Без сомнения, язык Беньямина. Однако сам взгляд принадлежит Лацис[201]. Чистое наслаждение бытием, вечное изобилие и радость перемен – до сих пор они оставались совершенно чужды текстам Беньямина. В диалектике этого нового ви́дения противоположности неразрывно и непрерывно переплетаются друг с другом: добро и зло, внешнее и внутреннее, работа и игра, смерть и жизнь, теория и практика. Вместо того чтобы, снимая слой за слоем, добираться до подлинного, здесь слои налагаются один на другой, а использованные при этом материалы обнаруживают совершенно новые аспекты и качества. Тенденция к разжижению и испарению, которая, по Марксу, типична для капитализма и в итоге неизбежно ведет к разрушению и упрощению всех жизненно важных традиционных отношений, подвергается в этой новой картине прямо-таки утопическому переосмыслению: «Неаполь» становится символом другого, интересного и неизменно революционного модерна. И, словно в тайном диалоге, истинное значение которого известно лишь самим влюбленным, каждый абзац в этом описании города пронизан их любимыми понятиями. Так пишет пара прежде незнакомых людей, ныне счастливых вместе на чужбине.

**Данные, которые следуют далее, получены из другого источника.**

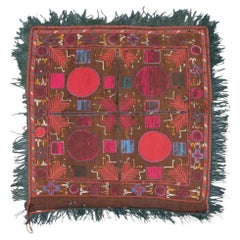 Textile ancien d'Ilgich - Fin du 19ème siècle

Летом 1924 года Беньямину удается прорыв к новому письму, к новому способу ви́дения. Отныне он будет сопровождать его и вести. Учитывая одновременно существующую любовную констелляцию «Хайдеггер – Арендт», можно констатировать, что Беньямин оказался достаточно порист и пластичен в своей любви, чтобы и философски ощутить резкое вторжение любимого человека в свое «я» как основополагающее обновление.

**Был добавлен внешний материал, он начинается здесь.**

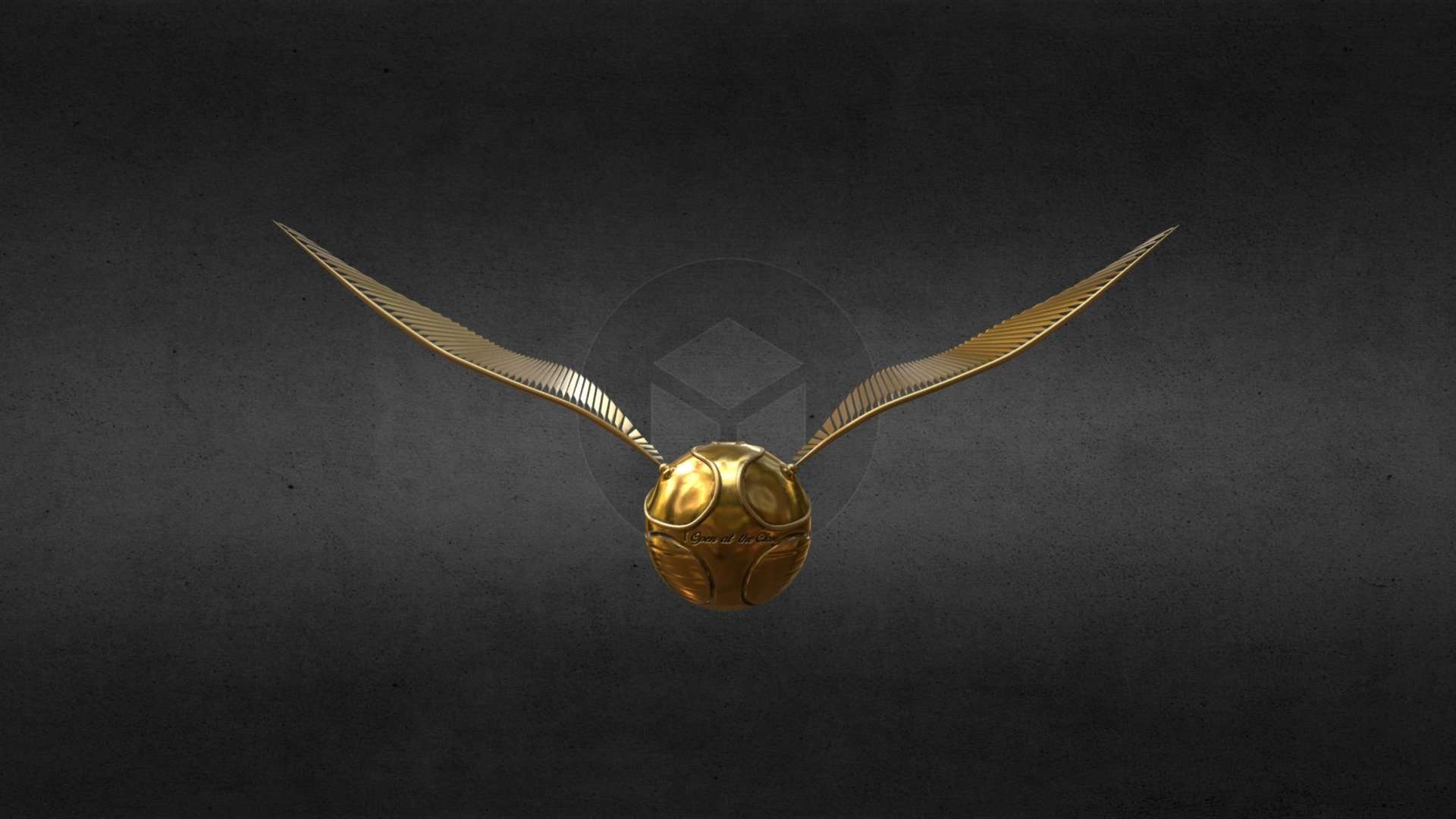 Snitch Wallpapers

Освоение нового образа мыслей в тот момент, когда Беньямину было необходимо как можно более ясно и методически точно приложить свои прежние принципы к тематической области, доступной ему только отрывочно, создает ввиду защиты диссертации, разумеется, дополнительные напряжения и временны́е ограничения. В конце сентября, когда Лацис с дочерью уезжает с Капри в Берлин к Бернхарду Райху, работа у Беньямина готова лишь на треть, к тому же он задерживает заказ на перевод романа Пруста. Если верить его письмам издателю Вайсбаху, которого он снова, но на этот раз безуспешно, просит о финансовой поддержке, всё дело в заражении крови, которое он, к несчастью, получил (то ли от укусов насекомых, то ли из-за неправильного питания – Беньямин колеблется в объяснениях). Тем не менее, в августе и в сентябре он достаточно бодр, чтобы посетить античный греческий храм в Пестуме. Кроме того, он устраивает экскурсии по острову для только что приехавшего Эрнста Блоха. И только поздно вечером возвращается за письменный стол в новом жилье, снятом в июле ради сокращения расходов: бывший чулан с белеными стенами, величиной с монашескую келью, зато с «видом вглубь самого прекрасного сада на Капри».